"The Breakfast Club" DVD, Blu-ray Review

8/09/2010 Posted by Admin

"The Breakfast Club" DVD, Blu-ray Review

Directed by John Hughes, Written by Hughes, 93 Minutes, Rated R

By our guest blogger, Rob Stammitti

The late, great John Hughes always struck a perfect balance between comedy and drama in his brief but astounding career, but none of his films, not even his best, "Ferris Bueller's Day Off," strikes a chord quite as well as "The Breakfast Club" when it comes to everyday teen and high school life.

Taking place in the fictional Shermer High School of all of Hughes' teen films, "The Breakfast Club" follows five students of very different backgrounds on one day of detention. They are John Bender (Judd Nelson), Andrew Clark (Emilio Estevez), Claire Standish (Molly Ringwald), Allison Reynolds (Ally Sheedy) and Brian Johnson (Anthony Michael Hall), who are the criminal, jock, popular girl, weirdo and nerd of the school, respectively.

They don't hang around in similar circles or even give each other the time of day while school is in session, but when they are stuck in their school's library for eight hours of Saturday detention, conflicts rise, we see revelations about each of them, and slowly we (and they) realize that they really aren't all that different, especially when they share a common enemy in their borderline sociopathic principal, Richard Vernon (Paul Gleason).

The film stands up extraordinarily well compared to some of its other '80s ilk. Unlike a lot of his peers, Hughes always managed to make films more universal than most teen movies, mostly because he didn't really dabble too often in '80s cliches (beyond a song here and there, and the clothing styles, of course).

He also managed a balance of comedy and drama that other filmmakers didn't. "The Breakfast Club" has plenty of very serious moments--Bender's telling of an everyday conversation in his household, Brian and Andy's explanations for why they're in detention--but Hughes always manages to lighten the mood with his trademark absurd moments of comedy, such as where the gang breaks out in dance or when Bender goes head-to-head with Vernon ("Is Barry Manilow aware that you raid his wardrobe?")

Hughes' great script wouldn't have gone too far without the wealth of wonderful performances, though. Each one is a standout and none of these actors have done better. Nelson pretty easily tops the lot of them with one of the most iconic performances of the era. He makes Bender more than just the typical '80s tough guy.
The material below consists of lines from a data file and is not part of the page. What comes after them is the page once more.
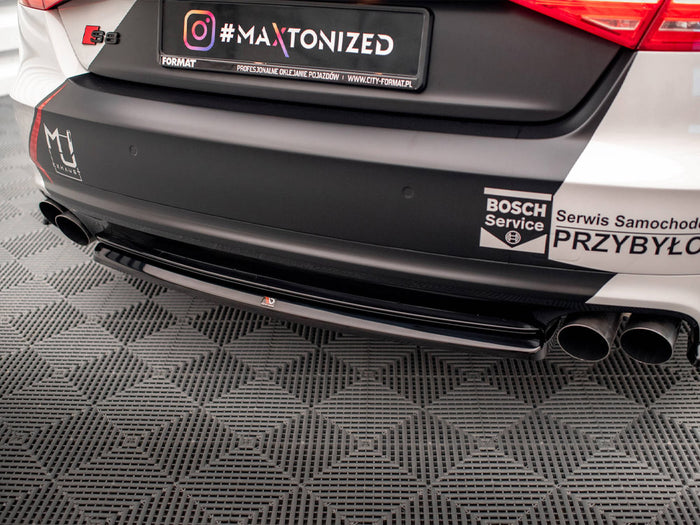 Audi S8 D4 Central Rear Splitter - Maxton Design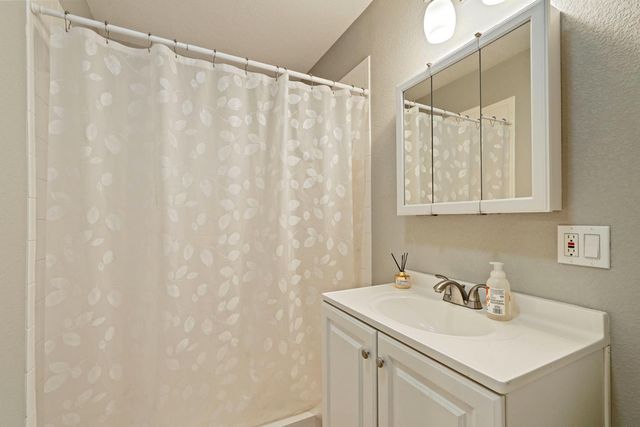 3234 Cambridge Rd, Cameron Park, CA 95682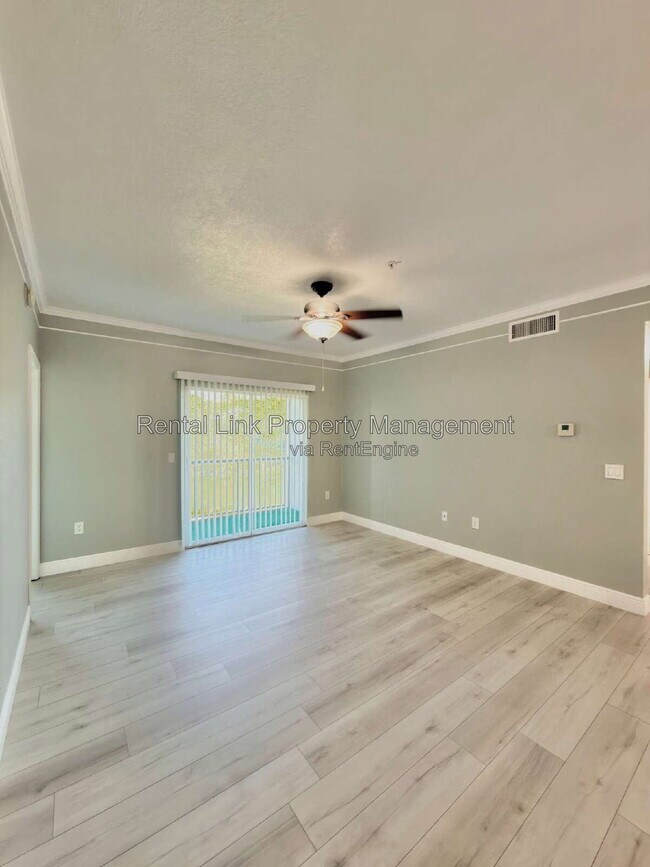 Foto del edificio - 11530 Villa Grand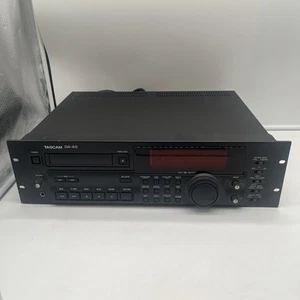 Tascam DA-40 Digital Audio Tape ( DAT) Player/Recorder - FOR PARTS OR REPAIR - Picture 1 of 9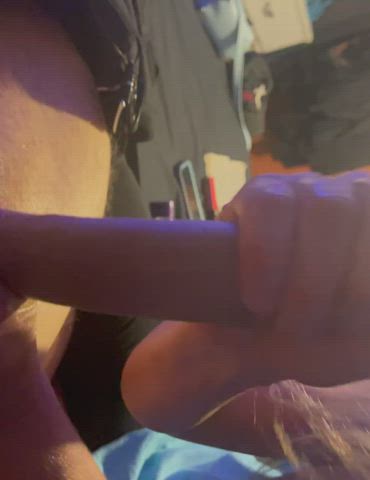 MONSTER cock handjob : video clip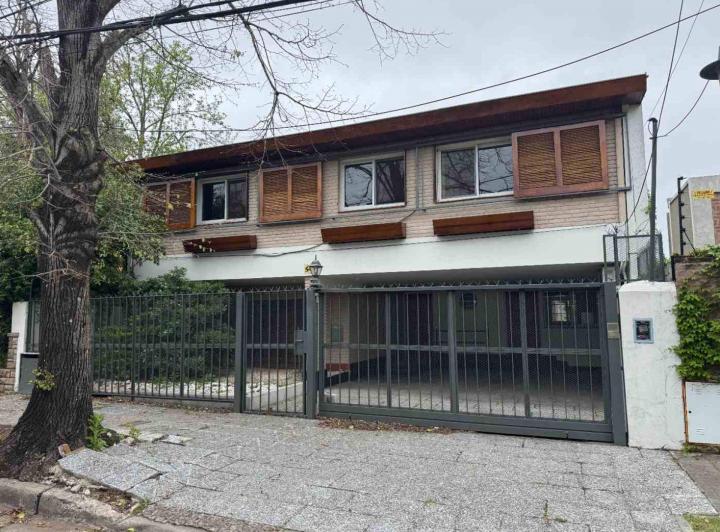 Casa · 240m² · 5 Ambientes · 2 Cocheras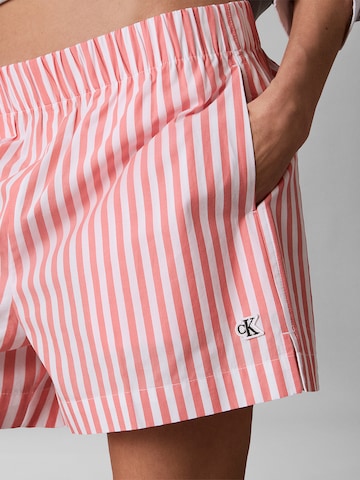 Regular Pantalon Calvin Klein Jeans en rose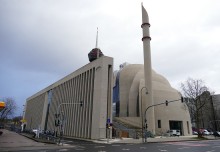 Alman polisinden DİTİB imamlarına baskın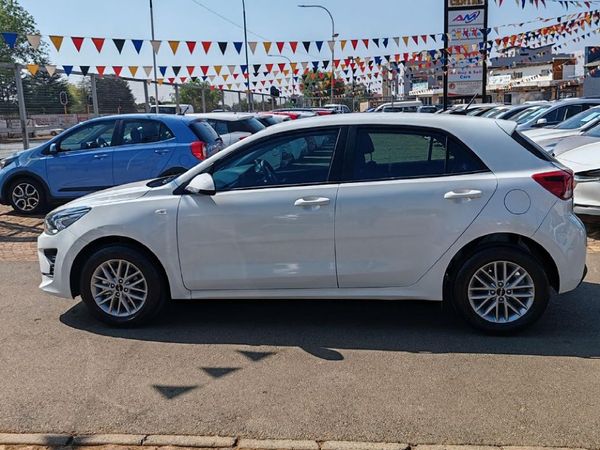 Used Kia Rio 1.4 LS 5-dr Auto for sale in Gauteng - Cars.co.za (ID ...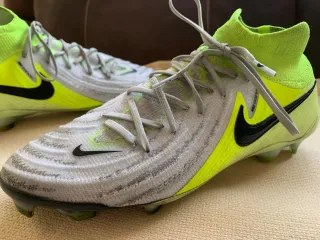 Botas Fútbol Nike Phantom Luna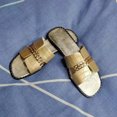 thumbnail image 1 of Pantuflas planas negras decoradas con cadena elegante para mujer: ¡perfectas para sandalias de playa informales!, 1 of 4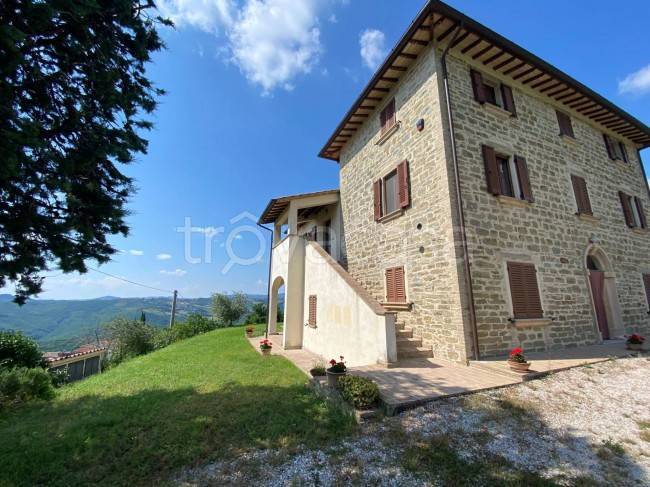 casa indipendente in vendita a Perugia in zona Piccione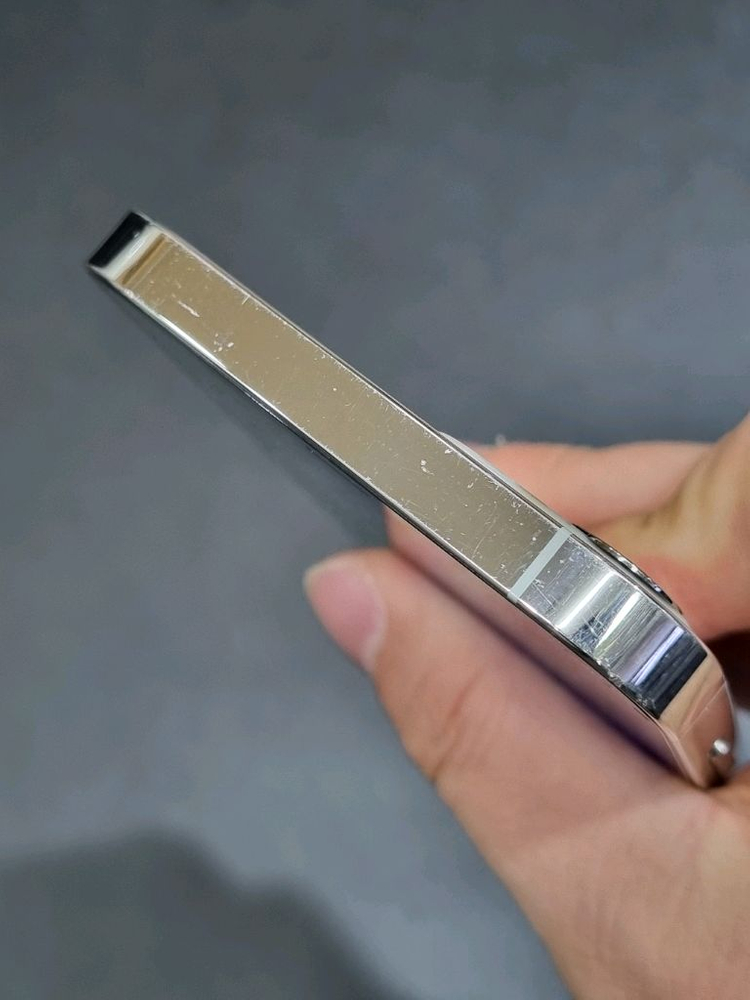 아이폰12프로 256GB 실버 배터리 84% 이미지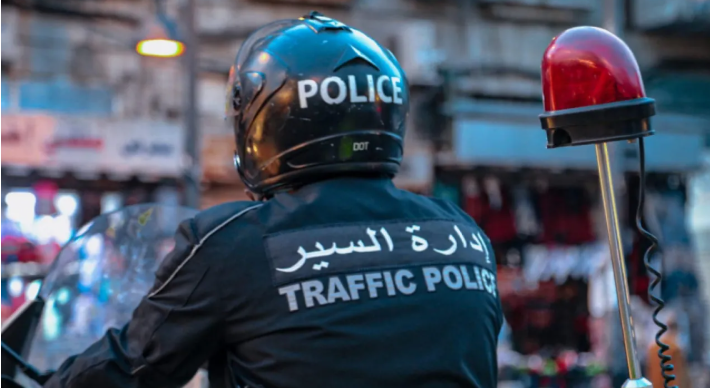 الأمن العام يحذر: الحبس والغرامة لمستخدمي المركبات الخاصة كـ"تكسي غير مرخّص"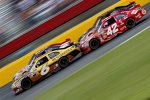 David Ragan (Roush) und Juan Pablo Montoya (EGR)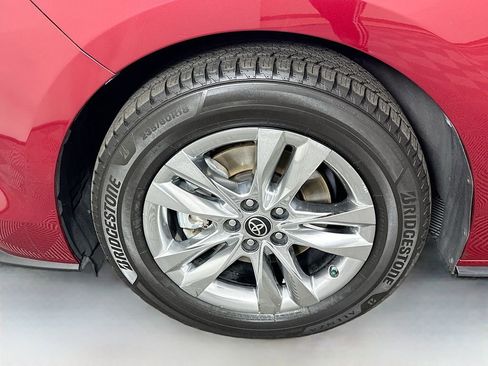 Used 2021 Toyota Sienna Limited image 33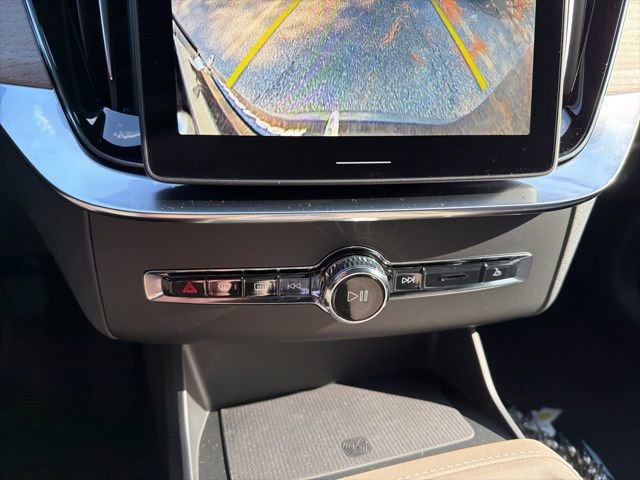 New 2026 Volvo XC90 B6 Plus w/ Protection Package Premier image 25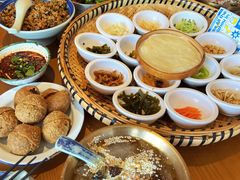 -包整·丝娃娃(一览甲秀楼风景店)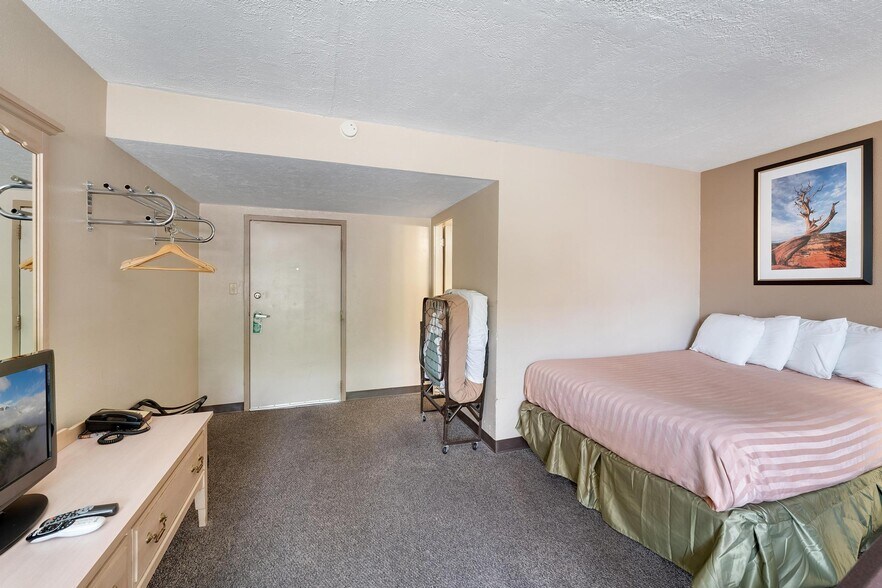 More Photos Of 150 N Lake Powell Blvd, Page Hotel For Sale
If there's anything bad to be said about the film, though, it's the problem Hughes seemed to struggle with throughout his whole career--he sends a lot of mixed messages. Though the majority of the film has themes of equality, understanding, triumphing over expectations and self-discovery, there also are odd and sort of troubling moments where Hughes seems to be implying that all of these things are inherently impossible and, basically, everyone should just adhere to their social expectations if they want to get by without failure or humiliation.

Perhaps he's simply trying to make points for both sides, but in the climax of the film, where Ringwald's character gives Sheedy's a makeover and she's apparently better for it, it's hard to take anything but a very bleak, conformist attitude from a film that otherwise seemed to be against such ideas. It doesn't necessarily take anything away from the rest of the film, but it's pretty confusing.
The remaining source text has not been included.